*Assignment:* Retype only the lines below from the one with "Pillow Perfect Orange" to the one with "Thickened Garden Steel", inclusive, skipping every image.

*The data:*

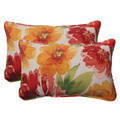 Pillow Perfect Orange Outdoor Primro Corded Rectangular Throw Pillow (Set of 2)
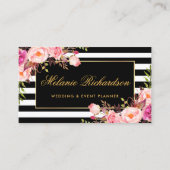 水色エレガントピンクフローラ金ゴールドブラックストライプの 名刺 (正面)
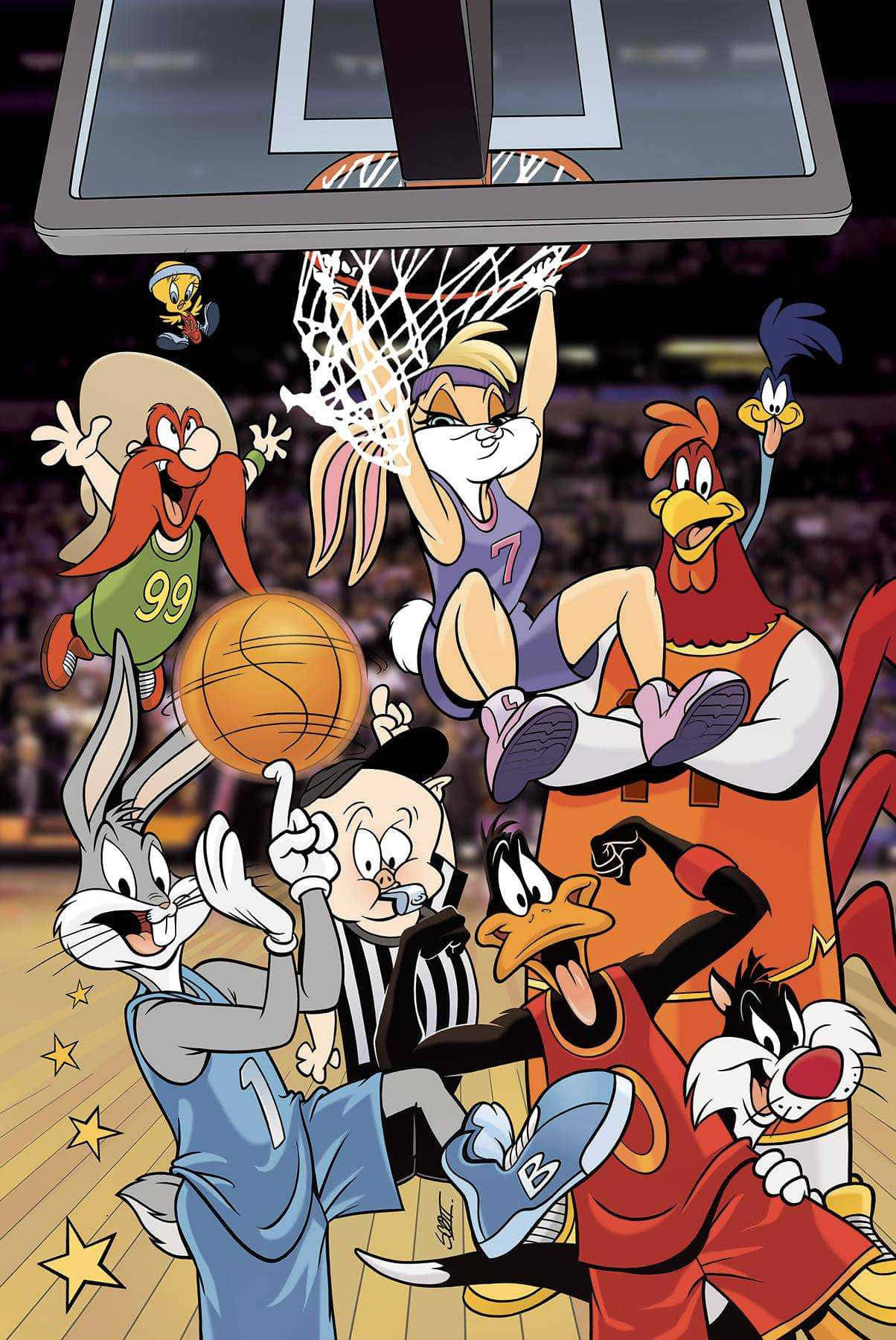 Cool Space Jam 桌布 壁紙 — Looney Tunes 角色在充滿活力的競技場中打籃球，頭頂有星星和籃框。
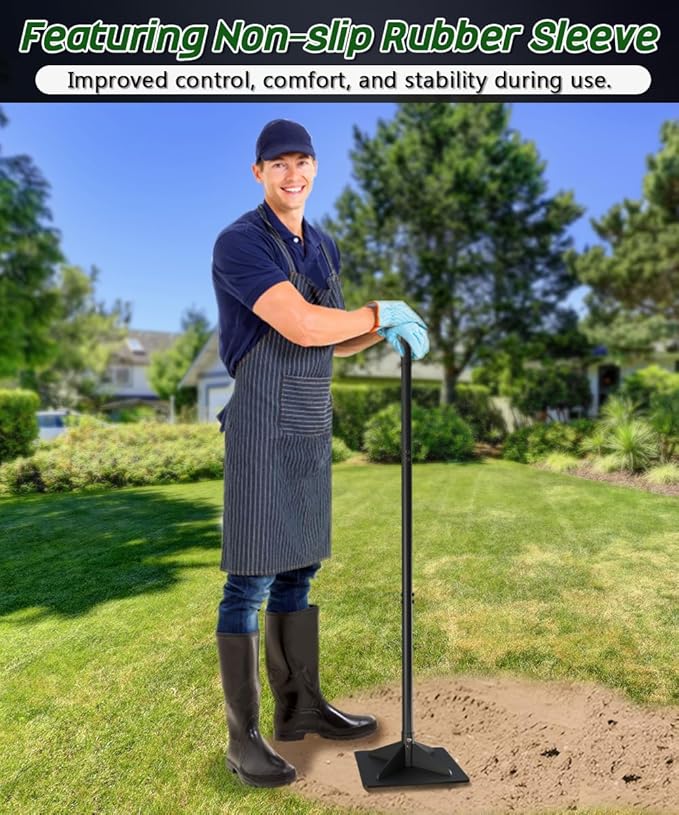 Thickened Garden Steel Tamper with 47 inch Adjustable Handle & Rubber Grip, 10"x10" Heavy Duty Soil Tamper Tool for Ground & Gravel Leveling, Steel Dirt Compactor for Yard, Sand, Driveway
---
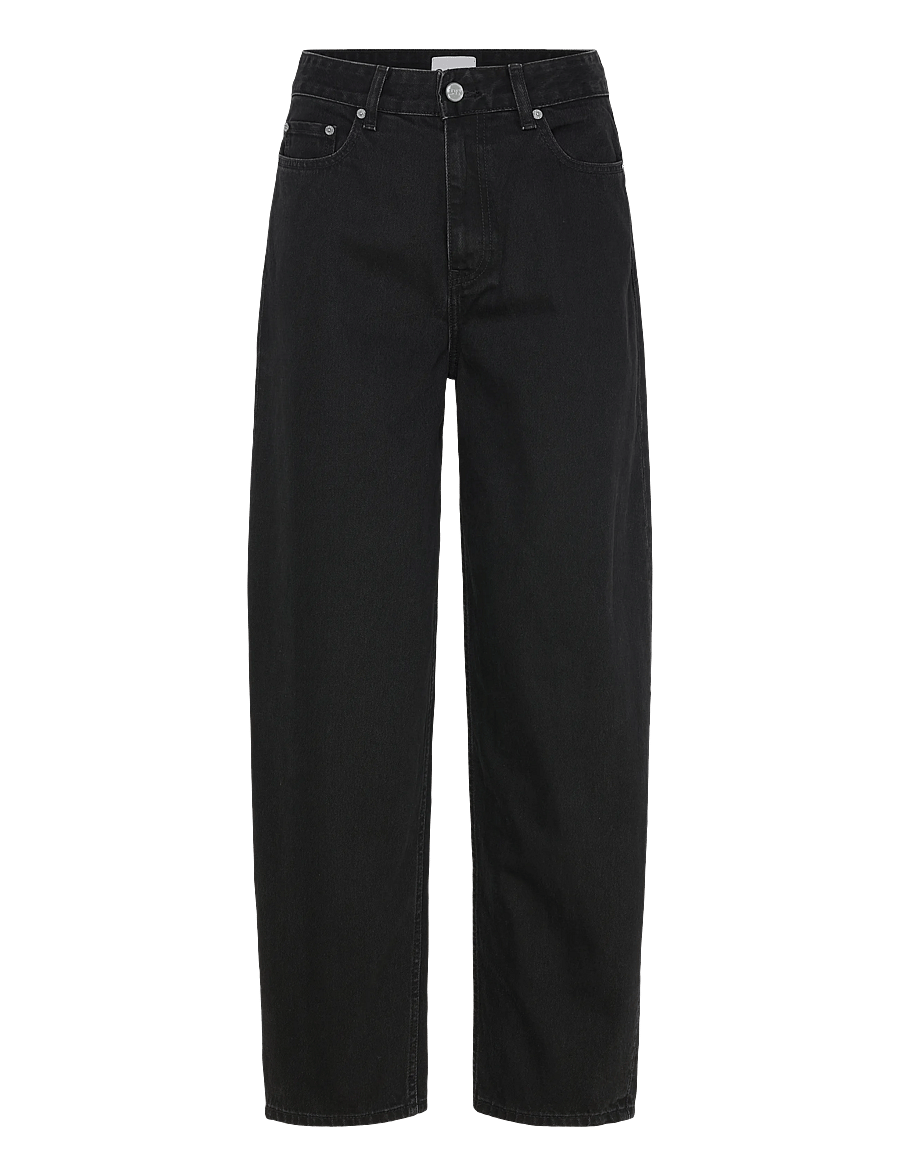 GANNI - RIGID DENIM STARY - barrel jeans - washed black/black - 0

*Reply:*
 Pillow Perfect Orange Outdoor Primro Corded Rectangular Throw Pillow (Set of 2)
 水色エレガントピンクフローラ金ゴールドブラックストライプの 名刺 (正面)
 Cool Space Jam 桌布 壁紙 — Looney Tunes 角色在充滿活力的競技場中打籃球，頭頂有星星和籃框。
 Thickened Garden Steel Tamper with 47 inch Adjustable Handle & Rubber Grip, 10"x10" Heavy Duty Soil Tamper Tool for Ground & Gravel Leveling, Steel Dirt Compactor for Yard, Sand, Driveway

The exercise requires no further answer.